I'm not totally sure what this has to do with dm_control
, since we don't reference CUDA_VISIBLE_DEVICES
anywhere in our code - is this a local modification you've made?
Hey Alistair! it is great to hear back from you!
When I request a single gpu via gres=gpu:volta:1
on slurm, only one device is available if we inspect via nvidia-smi
, which is why I set CUDA_VISIBLE_DEVICES=0
in my run script.
The same error actually arrises from master of dm_control code base: I was on an older version.
site-packages/dm_control/dm_control/_render/pyopengl/egl_renderer.py", line 52, in create_initialized_headless_egl_display
else:
device_idx = int(selected_device)
if not 0 <= device_idx < len(all_devices):
raise RuntimeError(
f'EGL_DEVICE_ID must be an integer between 0 and '
f'{len(all_devices) - 1} (inclusive), got {device_idx}.')
candidates = all_devices[device_idx:device_idx + 1]
The relevant code is here: https://github.com/deepmind/dm_control/blob/master/dm_control/_render/pyopengl/egl_renderer.py#L50
def create_initialized_headless_egl_display():
"""Creates an initialized EGL display directly on a device."""
all_devices = EGL.eglQueryDevicesEXT()
selected_device = os.environ.get('EGL_DEVICE_ID', None)
if selected_device is None:
candidates = all_devices
else:
device_idx = int(selected_device)
if not 0 <= device_idx < len(all_devices):
raise RuntimeError(
f'EGL_DEVICE_ID must be an integer between 0 and '
f'{len(all_devices) - 1} (inclusive), got {device_idx}.')
candidates = all_devices[device_idx:device_idx + 1]

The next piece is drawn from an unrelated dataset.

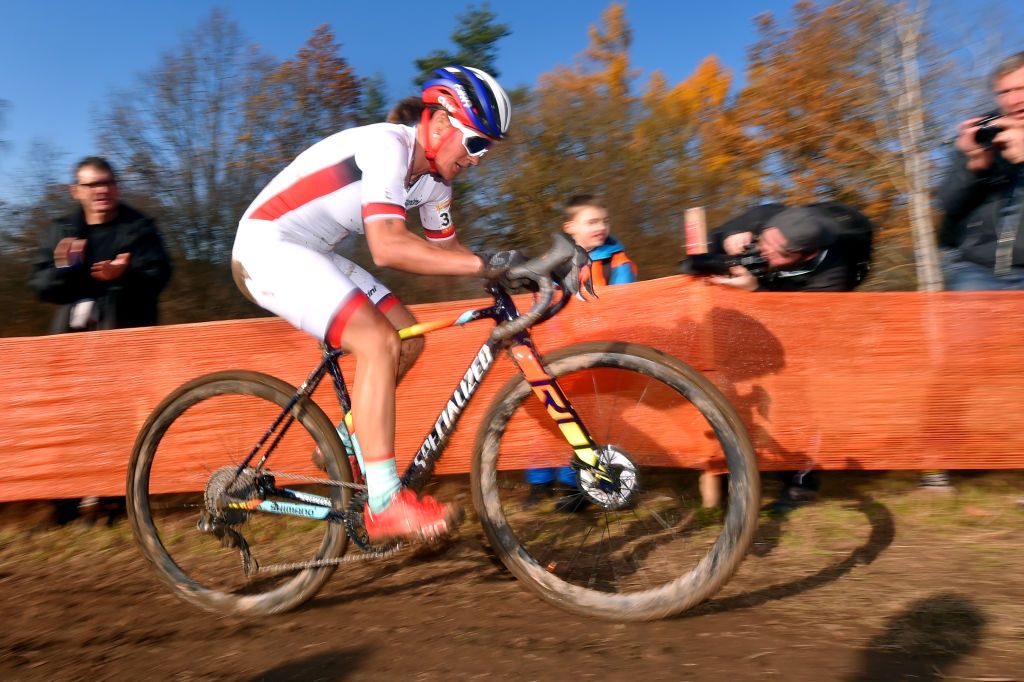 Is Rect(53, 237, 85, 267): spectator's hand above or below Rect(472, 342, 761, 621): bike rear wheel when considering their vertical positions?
above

The reasons given to us by the MIT supercloud admin is that they have reasons to use non-integer device IDs, because the device ID changes during the same job when a single node shared between jobs. I have attached their response above.
This is not something we can change as users, and they seem to provide good reasons. so we are trying to figure out if there is anything that can be done that removes the requirement that device IDs being integers.

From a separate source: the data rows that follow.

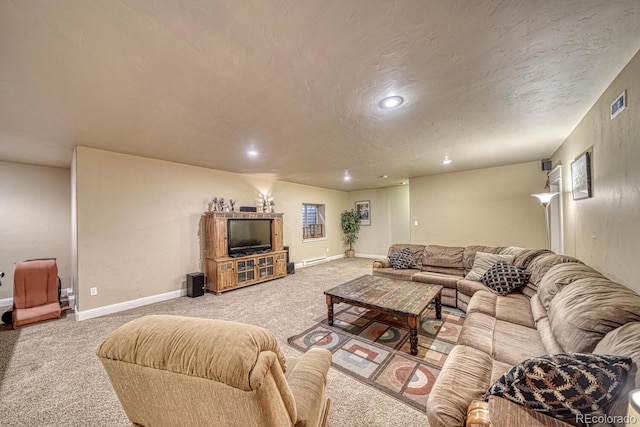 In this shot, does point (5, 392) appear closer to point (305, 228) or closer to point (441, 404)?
point (441, 404)

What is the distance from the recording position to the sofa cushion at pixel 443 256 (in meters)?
3.95

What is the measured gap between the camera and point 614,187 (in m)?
1.87

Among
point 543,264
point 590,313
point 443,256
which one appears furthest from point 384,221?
point 590,313

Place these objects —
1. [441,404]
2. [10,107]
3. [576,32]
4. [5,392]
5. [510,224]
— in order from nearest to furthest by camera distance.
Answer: [441,404] → [576,32] → [5,392] → [10,107] → [510,224]

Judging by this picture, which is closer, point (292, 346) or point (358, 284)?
point (292, 346)

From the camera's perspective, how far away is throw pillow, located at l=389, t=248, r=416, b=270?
4238 mm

I see. Is there a reason you need to specify a particular device ID to use for rendering? The default behaviour is to use the first device that can be successfully initialised.
As you can see from the code linked above, we use eglQueryDevicesEXT
to enumerate the available devices. I'm not aware of any API methods that would allow us to obtain a display device by UUID, so I'm not sure what we can do about this from our end.
Hi Alastair, let me investigate a bit, will get back to you!